Marina, com altivez, retrucou: “submissa eu não sou.” Apenas a senadora Eliziane Gama, do Partido Social Democrático (PSD), a defendeu. A ministra deixou a sessão, denunciando a violência política de gênero no Congresso Nacional.

Esse desrespeito reflete a hostilidade à agenda ambiental. Em 2020, Ricardo Salles, ex-ministro, sugeriu “passar a boiada”, propondo flexibilizar normas ambientais. O Executivo não consolidou esse retrocesso, mas o Legislativo agora ameaça avançar.

Em 21 de maio de 2025, o Senado aprovou, por 54 a 13, o Projeto de Lei (PL) 2.159/2021, a Lei Geral do Licenciamento Ambiental (LGLA). Conhecido como “PL da Devastação”, o texto segue para a Câmara dos Deputados.

Se aprovado, o PL facilitará empreendimentos de alto impacto, ameaçando a Amazônia, o Pantanal e povos indígenas. A credibilidade do Brasil globalmente, já abalada, pode sofrer um golpe irreversível, comprometendo acordos comerciais vitais.

Pontos polêmicos do PL da devastação - O PL 2.159/2021 apresenta cinco pontos nocivos. O primeiro é a Licença por Adesão e Compromisso (LAC), permitindo autodeclaração para 90% dos empreendimentos, sem análise técnica, segundo Suely Araújo, ex-presidente do Instituto Brasileiro do Meio Ambiente e dos Recursos Naturais Renováveis (Ibama).

A LAC abrange barragens como as de Mariana e Brumadinho, aumentando riscos de desastres. O segundo ponto é a dispensa de licenciamento para atividades agropecuárias, incentivando o desmatamento na Amazônia, essencial para a regulação climática.

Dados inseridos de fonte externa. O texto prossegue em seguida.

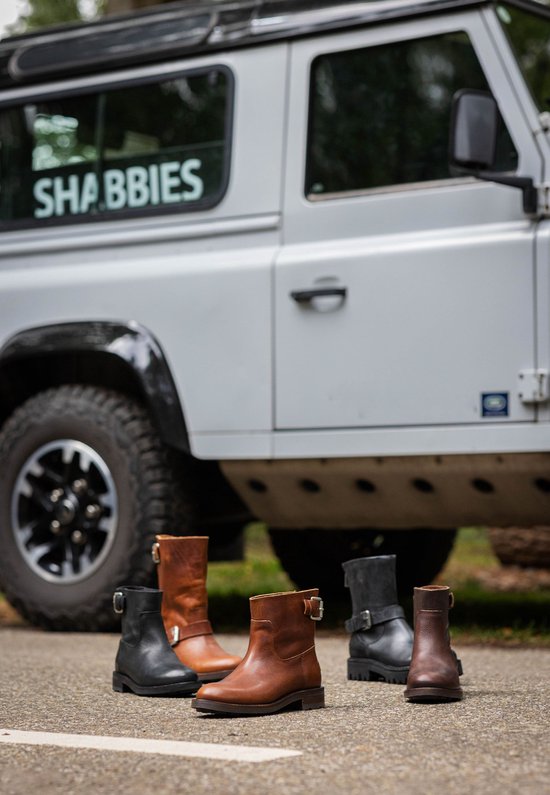 Vijf Shabbies Amsterdam laarzen in zwart, cognac en donkergrijs, voor een terreinwagen.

Terceiro, o PL inclui mineração de grande porte, revertendo decisão da Câmara dos Deputados. Isso eleva a poluição de rios, segundo o Instituto Socioambiental (ISA). Quarto, a Licença Ambiental Especial, proposta por Davi Alcolumbre, do União Brasil, acelera projetos “prioritários”.

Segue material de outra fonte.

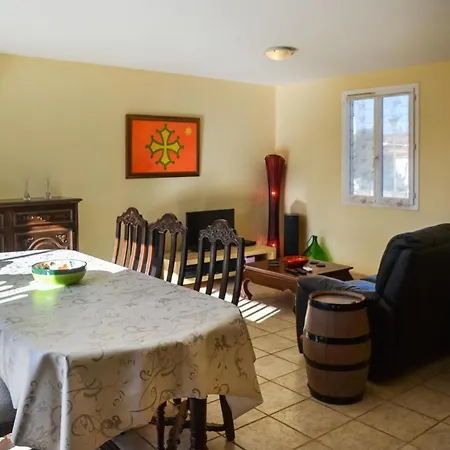 Holiday home Amazing In Saint-nazaire-daude With Kitchen *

Essa priorização política ignora impactos ambientais. Quinto, a ausência de proteção para terras indígenas não homologadas facilita invasões, ameaçando povos originários e violando tratados internacionais, como a Declaração das Nações Unidas sobre os Direitos dos Povos Indígenas.

Retrocesso ambiental e perdas econômicas - A aprovação do PL causará retrocessos graves. O desmatamento na Amazônia, reduzido 30% entre 2022 e 2024, segundo o Instituto Nacional de Pesquisas Espaciais (Inpe), pode disparar. Em 2024, 11.088 km² foram desmatados, como sete cidades de São Paulo.

Essa perda, um machado cortando o pulmão do planeta, compromete a meta de carbono zero até 2050. O Observatório do Clima alerta que a LAC aumenta riscos de desastres, custando R$ 200 bilhões anuais, segundo o Banco Mundial.

As queimadas no Pantanal, em 2024, consumiram 1,5 milhão de hectares, equivalente a Sergipe, segundo o Inpe. Como um dragão cuspindo fogo, liberaram 18 milhões de toneladas de CO₂, intensificando as mudanças climáticas.

A biodiversidade, com 20% das espécies globais, segundo o Fundo Mundial para a Natureza (WWF), é um ativo da bioeconomia, gerando R$ 1,5 trilhão até 2030, conforme a Universidade de São Paulo (USP).

A agricultura familiar, produzindo 70% dos alimentos, segundo o Instituto Brasileiro de Geografia e Estatística (IBGE), depende de ecossistemas preservados. A polinização, valendo R$ 43 bilhões anuais, é ameaçada pela perda de biodiversidade.

A mineração desregulada pode poluir rios, afetando 30 milhões de brasileiros dependentes das águas amazônicas, segundo o WWF. No comércio internacional, a preservação é crucial para manter acordos e atrair investimentos.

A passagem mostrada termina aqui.